◆ Description of the task:
Go through the records and count every line that holds "Florida". Only the number belongs in the reply.

[[ Records, beginning ]]

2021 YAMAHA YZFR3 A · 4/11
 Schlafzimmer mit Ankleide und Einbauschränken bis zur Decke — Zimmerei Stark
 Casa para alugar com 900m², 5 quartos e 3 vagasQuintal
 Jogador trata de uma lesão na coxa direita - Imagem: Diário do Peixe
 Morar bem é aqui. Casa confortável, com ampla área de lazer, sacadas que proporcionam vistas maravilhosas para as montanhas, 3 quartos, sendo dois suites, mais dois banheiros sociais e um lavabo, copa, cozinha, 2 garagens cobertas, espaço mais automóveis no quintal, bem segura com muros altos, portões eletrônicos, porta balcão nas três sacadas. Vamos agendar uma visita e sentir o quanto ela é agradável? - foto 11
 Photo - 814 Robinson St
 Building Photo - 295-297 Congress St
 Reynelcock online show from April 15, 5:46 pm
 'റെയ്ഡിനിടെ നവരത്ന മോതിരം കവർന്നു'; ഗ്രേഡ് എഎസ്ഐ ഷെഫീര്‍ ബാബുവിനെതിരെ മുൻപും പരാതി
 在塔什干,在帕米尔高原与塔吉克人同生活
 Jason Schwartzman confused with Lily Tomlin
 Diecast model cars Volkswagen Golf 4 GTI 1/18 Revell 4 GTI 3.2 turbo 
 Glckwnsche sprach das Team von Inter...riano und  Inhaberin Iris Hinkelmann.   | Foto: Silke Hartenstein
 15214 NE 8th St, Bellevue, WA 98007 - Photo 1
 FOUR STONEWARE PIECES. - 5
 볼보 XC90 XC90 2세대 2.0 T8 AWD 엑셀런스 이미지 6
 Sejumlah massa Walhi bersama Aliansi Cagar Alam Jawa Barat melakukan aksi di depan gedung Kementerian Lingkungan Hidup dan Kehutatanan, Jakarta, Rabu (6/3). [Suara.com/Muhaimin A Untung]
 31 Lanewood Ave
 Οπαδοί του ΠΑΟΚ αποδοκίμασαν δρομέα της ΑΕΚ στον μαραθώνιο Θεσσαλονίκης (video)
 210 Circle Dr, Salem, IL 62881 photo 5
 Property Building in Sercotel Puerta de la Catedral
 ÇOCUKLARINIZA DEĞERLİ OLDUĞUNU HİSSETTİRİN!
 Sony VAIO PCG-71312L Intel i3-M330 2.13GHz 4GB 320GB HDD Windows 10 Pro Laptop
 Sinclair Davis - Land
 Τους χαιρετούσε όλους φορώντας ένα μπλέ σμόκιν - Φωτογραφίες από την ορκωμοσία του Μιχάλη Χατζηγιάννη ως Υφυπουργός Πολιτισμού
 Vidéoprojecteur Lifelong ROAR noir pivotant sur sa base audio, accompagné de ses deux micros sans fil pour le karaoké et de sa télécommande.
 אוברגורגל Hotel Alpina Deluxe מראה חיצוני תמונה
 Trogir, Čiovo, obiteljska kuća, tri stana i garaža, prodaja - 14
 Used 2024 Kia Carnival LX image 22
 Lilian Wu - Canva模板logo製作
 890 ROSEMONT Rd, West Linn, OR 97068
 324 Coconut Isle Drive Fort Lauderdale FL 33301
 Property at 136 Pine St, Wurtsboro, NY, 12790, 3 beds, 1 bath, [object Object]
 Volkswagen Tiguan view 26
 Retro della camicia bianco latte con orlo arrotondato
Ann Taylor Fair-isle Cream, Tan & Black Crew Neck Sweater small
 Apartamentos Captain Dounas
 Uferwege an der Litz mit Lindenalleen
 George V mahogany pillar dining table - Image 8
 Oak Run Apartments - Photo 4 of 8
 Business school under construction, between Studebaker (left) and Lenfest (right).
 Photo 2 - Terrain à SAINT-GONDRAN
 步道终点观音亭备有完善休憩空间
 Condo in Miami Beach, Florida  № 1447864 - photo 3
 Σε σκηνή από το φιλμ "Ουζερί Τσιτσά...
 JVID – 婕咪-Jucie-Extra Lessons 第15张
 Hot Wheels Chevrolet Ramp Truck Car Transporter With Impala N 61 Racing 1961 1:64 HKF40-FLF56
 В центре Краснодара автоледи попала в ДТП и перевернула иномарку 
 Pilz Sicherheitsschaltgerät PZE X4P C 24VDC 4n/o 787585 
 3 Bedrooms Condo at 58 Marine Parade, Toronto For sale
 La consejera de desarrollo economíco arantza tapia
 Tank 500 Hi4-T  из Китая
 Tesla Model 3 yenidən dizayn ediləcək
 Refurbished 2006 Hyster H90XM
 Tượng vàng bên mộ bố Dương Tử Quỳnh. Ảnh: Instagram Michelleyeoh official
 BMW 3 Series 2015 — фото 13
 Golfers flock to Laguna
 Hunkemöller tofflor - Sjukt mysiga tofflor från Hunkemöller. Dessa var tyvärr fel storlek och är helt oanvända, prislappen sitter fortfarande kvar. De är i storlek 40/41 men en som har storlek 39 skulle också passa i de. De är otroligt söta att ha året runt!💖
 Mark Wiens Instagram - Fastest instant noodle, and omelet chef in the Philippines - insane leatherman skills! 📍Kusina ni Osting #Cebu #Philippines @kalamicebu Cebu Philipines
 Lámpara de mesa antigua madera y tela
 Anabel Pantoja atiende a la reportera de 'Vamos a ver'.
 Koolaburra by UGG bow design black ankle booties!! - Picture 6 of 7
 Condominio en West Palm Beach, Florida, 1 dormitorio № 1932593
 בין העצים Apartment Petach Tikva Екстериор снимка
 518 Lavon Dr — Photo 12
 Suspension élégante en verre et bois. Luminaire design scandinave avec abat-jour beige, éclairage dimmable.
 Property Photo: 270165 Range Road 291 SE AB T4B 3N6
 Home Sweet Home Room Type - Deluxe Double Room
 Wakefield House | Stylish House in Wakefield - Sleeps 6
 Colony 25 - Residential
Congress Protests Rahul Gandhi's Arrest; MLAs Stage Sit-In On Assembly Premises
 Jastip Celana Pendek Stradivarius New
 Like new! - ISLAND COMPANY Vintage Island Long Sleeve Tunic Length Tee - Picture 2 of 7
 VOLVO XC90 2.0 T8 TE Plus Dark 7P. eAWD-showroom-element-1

[[ Records, end ]]

◆ Reply:
2